No Iran deal while Tehran kills protesters, sells drones to Russia - US

“We simply don’t see a deal coming together anytime soon, while Iran continues to kill its own citizens and sell UAVs to Russia," John Kirby told reporters.

 Basij militia forces attend a meeting with Iran's Supreme Leader Ayatollah Ali Khamenei in Tehran, Iran November 26, 2022.  (photo credit: Office of the Iranian Supreme Leader/West Asia News Agency/Reuters)
Basij militia forces attend a meeting with Iran's Supreme Leader Ayatollah Ali Khamenei in Tehran, Iran November 26, 2022.
(photo credit: Office of the Iranian Supreme Leader/West Asia News Agency/Reuters)

A nuclear deal with Iran is not possible as long as Tehran kills its own citizens and sells armed drones to Russia, US National Security Council Strategic Communications Coordinator John Kirby told reporters in Washington on Tuesday.

“We simply don’t see a deal coming together anytime soon, while Iran continues to kill its own citizens and sell UAVs to Russia,” Kirby said.

“What we’re focused on right now are practical ways to confront Iran in those areas and not on the Iran deal,” he added.

US State Department spokesman Ned Price said that “the JCPOA is not on the agenda, it has not been on the agenda for some time.

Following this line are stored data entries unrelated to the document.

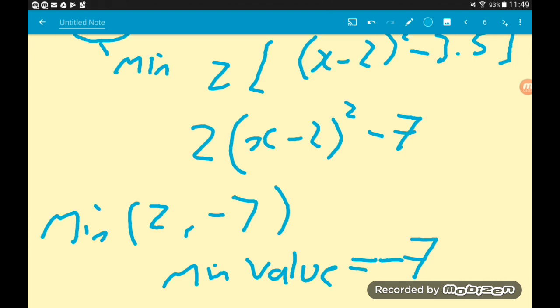The minimum value of this expression is just the y coordinate: minus 7. If you want any more examples on completing the square, check out my playlist linked in the description below. Take care.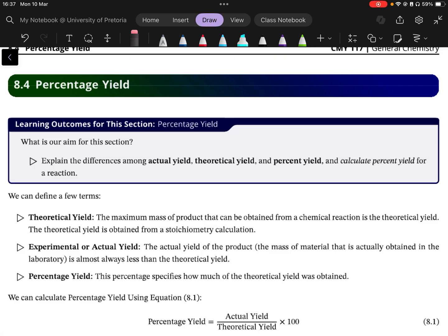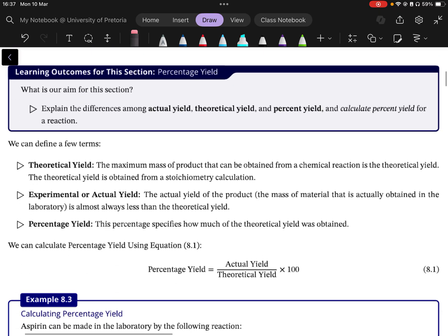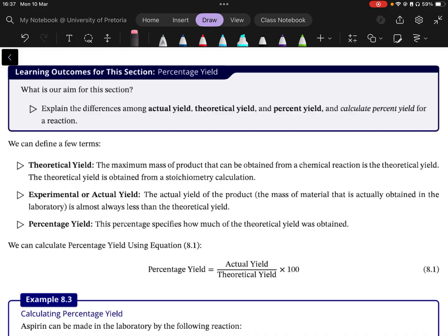Let's look at the concept of percentage yield. I'm going to first jump to the equation because percentage yield is something you may not have come across yet. But you may have come across the concept of percentage — something divided by something else multiplied by 100. And yield means how much do you get, how much did you yield from a reaction? Percentage yield is how much we get from a given chemical reaction, knowing that all reactions don't necessarily give us 100% of what we expect.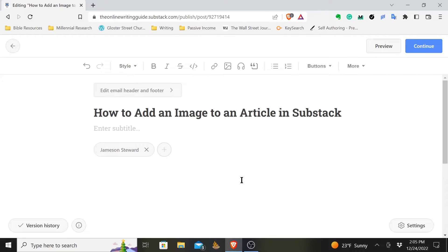Hey everyone, it's Jameson. So you're wondering how to add an image to an article in Substack. Well thankfully Substack makes this really easy for us. So let me show you how to do it.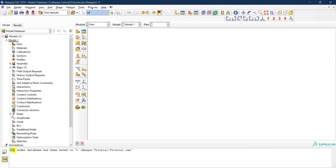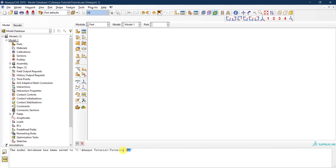Once you click OK to save, the message window confirms that the model database has been saved to the working directory with the .cae extension. Now we can start creating our model. The first thing we want to do, as mentioned, is define the geometry by creating the parts — we'll cover that in the next video.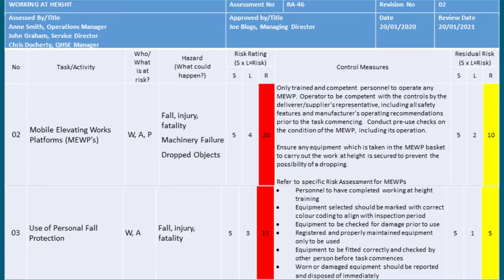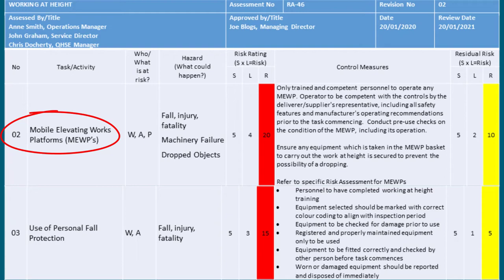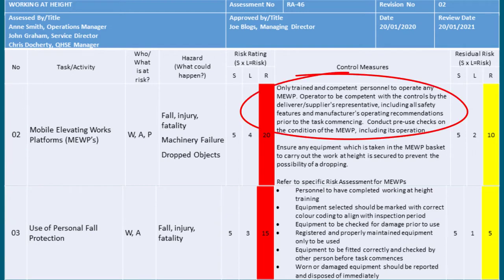We've added another couple of sections around using mobile elevated work platforms, where again we refer to who or what is at risk — this could be the worker, an asset, or other people walking by. There could be issues associated with someone falling if controls are not properly in place, but there can also be the situation of dropped objects, where people underneath the work at height are at risk. We've identified a number of controls in place associated to this, particularly around the equipment — specifically the use of a mobile elevated work platform.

It is certainly the case, that the Iranians killed the opportunity for a swift return to mutual compliance with the JCPOA.”

“What is very much alive is the president and this administration’s commitment that Iran is never in possession of a nuclear weapon,” he said, adding that diplomacy was the best way to do this. But he clarified, “we have an extensive tool kit and we have not removed any option from the table.”

 An Iranian missile is displayed during a rally marking the annual Quds Day, or Jerusalem Day, on the last Friday of the holy month of Ramadan in Tehran, Iran April 29, 2022. (credit: MAJID ASGARIPOUR/WANA (WEST ASIA NEWS AGENCY) VIA REUTERS)
An Iranian missile is displayed during a rally marking the annual Quds Day, or Jerusalem Day, on the last Friday of the holy month of Ramadan in Tehran, Iran April 29, 2022. (credit: MAJID ASGARIPOUR/WANA (WEST ASIA NEWS AGENCY) VIA REUTERS)

Iran's Foreign Minister met in Jordan with EU Foreign Policy Chief

The two US officials spoke as Iran’s Foreign Minister Hossein Amirabdollahian met in Jordan on the shores of the Dead Sea with European Union Foreign Policy Chief Josep Borrell to discuss ways to revive the 2015 Iran deal in which Tehran agreed to curb its nuclear program in exchange for the lifting of crippling sanctions.

They spoke about the Vienna-based talks to revive the deal, known as the Joint Comprehensive Plan of Action (JCPOA), which stalled in September and have not resumed.

Iran’s violent crackdown on protesters, its military support for Russia’s invasion of Ukraine and its increased enrichment of uranium have complicated US President Joe Biden’s initial plans to review the JCPOA.

Borrell tweeted that in his meeting with Amirabdollahian, he “stressed [the] need to immediately stop military support to Russia and internal repression in Iran.”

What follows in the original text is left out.